March 13, 2014
Like all writers, I have an obsession with what is good and what is bad. But for me, it’s a blurry line at times. Which makes it even more evil. When one looks away from evil, is it because you prefer evil over good? I never read the works by Paul Morand, but he was an aristocrat wealthy man who counted Jean Cocteau as a friend and actually dined with Marcel Proust. Yet, he was very much part of and supported the Vichy government. He was also seen as a modernist and a member of Imagist. That was a literary movement that favored precision of imagery and clear, sharp language. Which one can gather by now, is not exactly my aesthetic!

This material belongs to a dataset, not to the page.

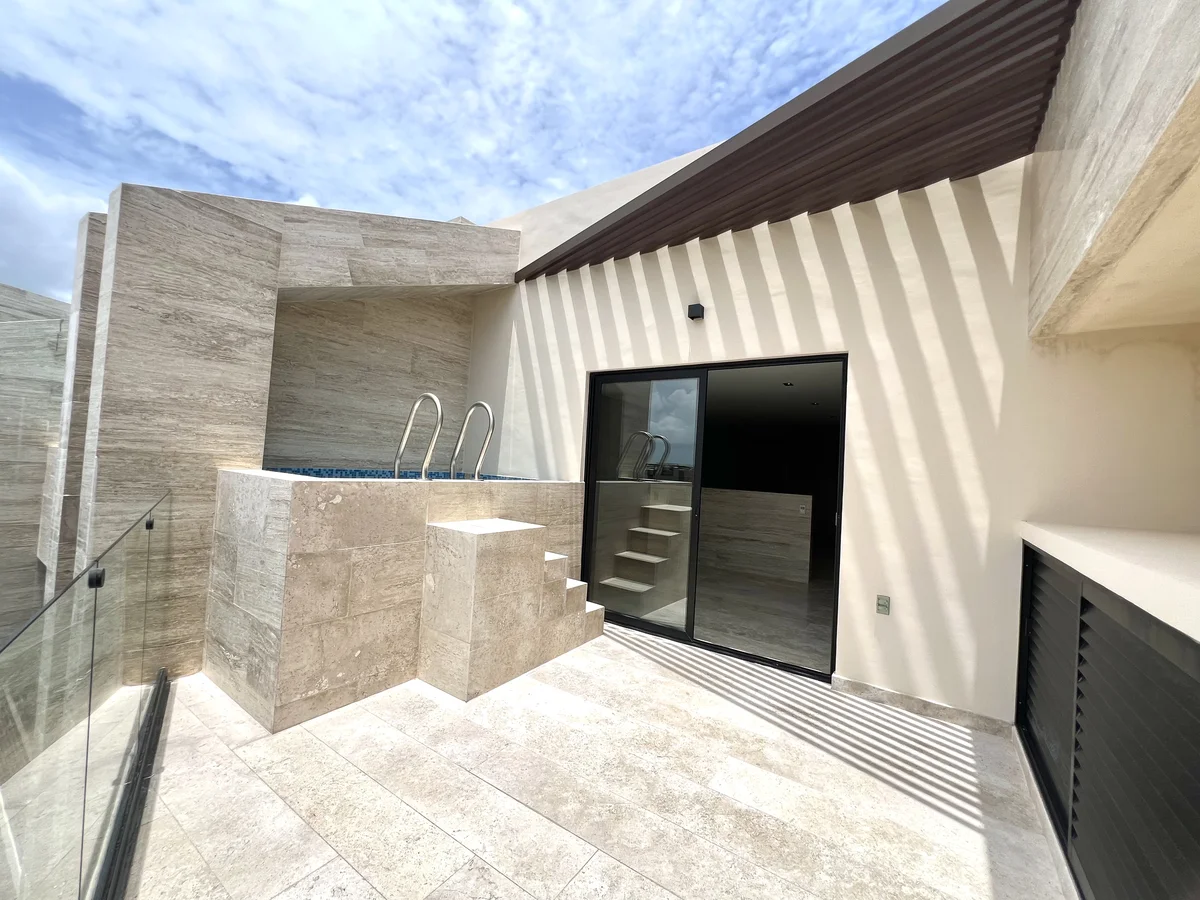 Image of Swimming Pool at Amaru, featuring Rooftop Pool, Plunge Pool.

On the other hand I have a deep interest in artists who went along the facist route, and I try to think if that is also in their own work as well. Cocteau was a real mystery to me in a sense, because he was the poet who sees everything as an extension of poetry. In other words, an art for art’s sake. Which to be honest is what I pretty much follow. But if that art leads one to a darker political path, is it good for the soul? Is the soul important? Often participants on both sides of the road, when it involves art, are trying to find a moral ground to stand on. But I am not sure if that is what art is about. I think it's about a lot of things, and it’s best to accept the good, but one has to acknowledge the evil as well. Like Robert Mitchum’s character in “,The Night of the Hunter” when he grasps both hands to show the tattoo “love” and “hate” on the other.
What I can’t fully understand is why Morand would be for a government that would want to stop the zazous from having a good time listening to jazz and records from America? Why would he want to hunt down children, who eventually will turn out to be Serge Gainsbourg or Roman Polanski? In my mind, there are two different types of “art for art’s sake” groupings. There is the Oscar Wilde, who for sure was a man involved in his world, and acknowledge the political affairs of his time and age. Then there are people like Morand and perhaps Cocteau, who ‘ignore’ the shit around them. One uses art to build a wall between the outside world and themselves, and Wilde I think just wanted to make a difference or to being in a world of shit, and somehow stand beyond it. Celine (who I love as a writer by the way), Cocteau and Morand seemed to love the company of power, or at least acknowledge that power as almost as a turn-on for their art. Well, let me take Celine back, I reckon he was just nutty. But Cocteau and Morand were not nutty. They must have understood what was happening at that time, and while Cocteau’s role is sort of cloudy in those years, what was Morand’s excuse?
What’s interesting is the Imagist movement, because of its need to see things clearly. Art to me is naturally messy, like nature. The need to make order out of a mess is a very strong aesthetic, which I have to admit, I share. But alas I think that need is also the root of an inner-fascism.
I’m also intrigued by someone like L. Ron Hubbard, who was a science fiction writer who somewhere down the line decided to be something much bigger than a pulp writer. Yet, I feel the organization he started is very much in a pulp tradition. Its history reads like a noir Southern California fantasy. It’s interesting how an artist can make a utopia of sorts, and perhaps Morand wanted one as well, to express his wealth, and his stance in the 20th century. Oddly enough, only one of his novels is available in English. I must read it!